__Given entries__.
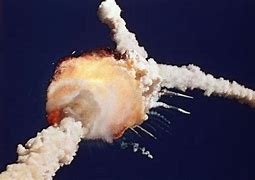 Image result for Challenger Shuttle Explosion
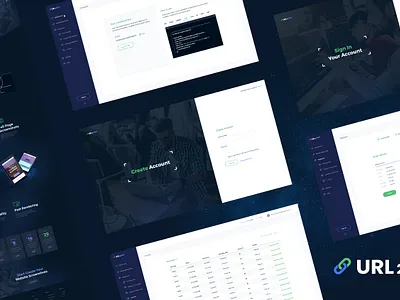 URL2IMG dashboard design uiuux website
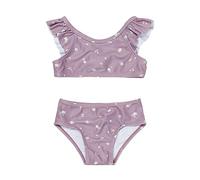 Little Dutch Bikini mit Rüschen Baby Mädchen lila (Gr. 74/80) - Mauve Blossom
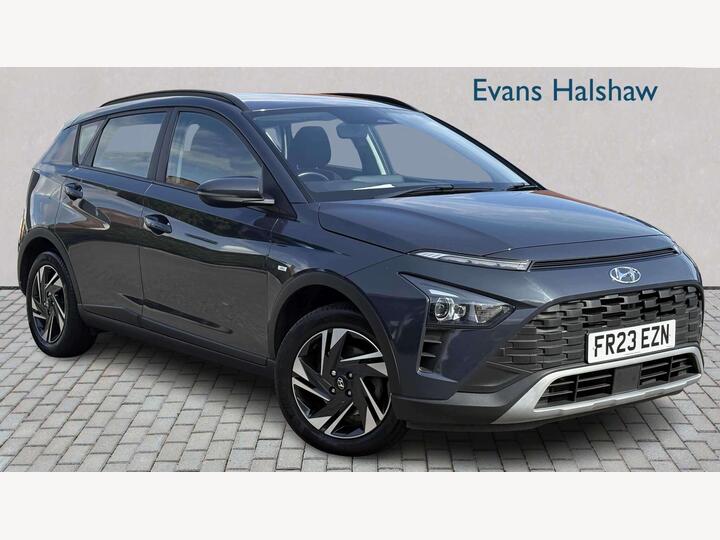Hyundai BAYON HATCHBACK 1.0 T-GDi MHEV SE Connect DCT Euro 6 (s/s) 5dr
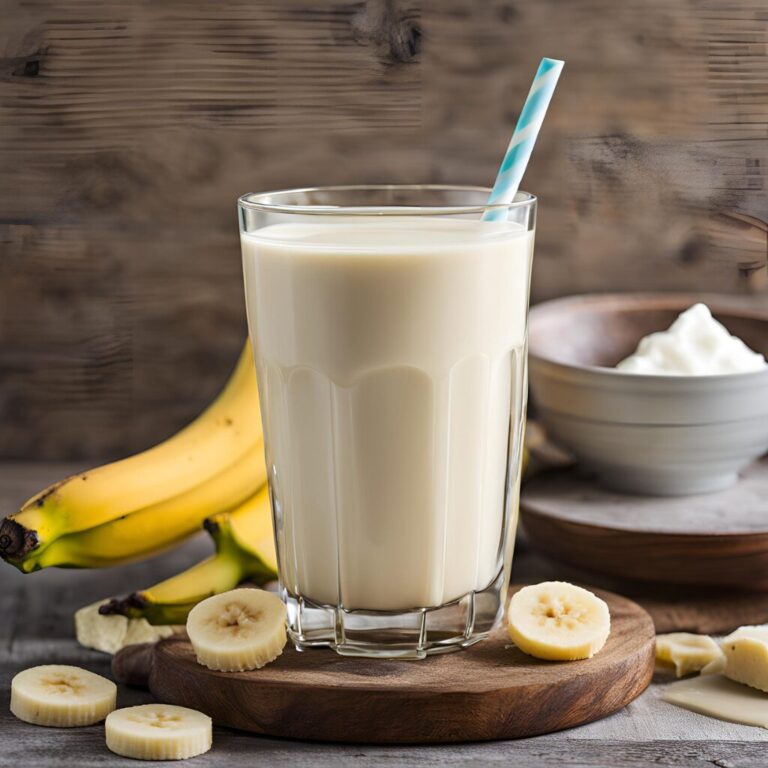 Banana Milk Recipe {Perfect for A Nutritious Breakfast}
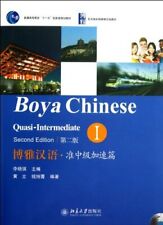 Li Xiaoqi Boya Chinese: Quasi-intermediate Vol.1 (poche)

__Task brief__. Transcribe the records in full and exactly. Pictures stay out.

__Response__.
 Image result for Challenger Shuttle Explosion
 URL2IMG dashboard design uiuux website
 Little Dutch Bikini mit Rüschen Baby Mädchen lila (Gr. 74/80) - Mauve Blossom
Hyundai BAYON HATCHBACK 1.0 T-GDi MHEV SE Connect DCT Euro 6 (s/s) 5dr
 Banana Milk Recipe {Perfect for A Nutritious Breakfast}
 Li Xiaoqi Boya Chinese: Quasi-intermediate Vol.1 (poche)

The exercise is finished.